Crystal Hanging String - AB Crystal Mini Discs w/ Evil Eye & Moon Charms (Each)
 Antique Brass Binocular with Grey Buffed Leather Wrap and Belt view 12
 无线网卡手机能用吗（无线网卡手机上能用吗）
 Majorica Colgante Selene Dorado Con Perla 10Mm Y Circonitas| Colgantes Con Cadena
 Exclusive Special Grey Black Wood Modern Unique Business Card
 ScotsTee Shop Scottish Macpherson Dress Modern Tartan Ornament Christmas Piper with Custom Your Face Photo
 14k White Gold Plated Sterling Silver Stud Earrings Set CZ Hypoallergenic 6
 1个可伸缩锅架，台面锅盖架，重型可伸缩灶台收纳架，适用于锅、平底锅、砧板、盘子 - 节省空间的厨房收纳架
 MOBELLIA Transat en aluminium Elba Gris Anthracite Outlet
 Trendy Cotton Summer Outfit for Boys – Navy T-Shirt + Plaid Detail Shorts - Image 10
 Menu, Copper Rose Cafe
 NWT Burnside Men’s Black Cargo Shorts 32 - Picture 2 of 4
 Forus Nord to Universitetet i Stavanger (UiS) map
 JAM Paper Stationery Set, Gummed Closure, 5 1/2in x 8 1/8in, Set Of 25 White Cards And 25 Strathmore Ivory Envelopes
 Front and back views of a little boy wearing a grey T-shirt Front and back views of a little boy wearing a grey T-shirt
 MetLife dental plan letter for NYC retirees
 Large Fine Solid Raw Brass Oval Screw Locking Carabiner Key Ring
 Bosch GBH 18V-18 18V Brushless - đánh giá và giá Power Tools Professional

○ ○ ○ ○ ○ ○ ○

EXERCISE AIM —
Lines from the one holding "MetLife dental plan letter for NYC retirees" through the last line of the material are to be repeated exactly; no other lines belong in the answer.

ANSWER TO THE PROBLEM —
 MetLife dental plan letter for NYC retirees
 Large Fine Solid Raw Brass Oval Screw Locking Carabiner Key Ring
 Bosch GBH 18V-18 18V Brushless - đánh giá và giá Power Tools Professional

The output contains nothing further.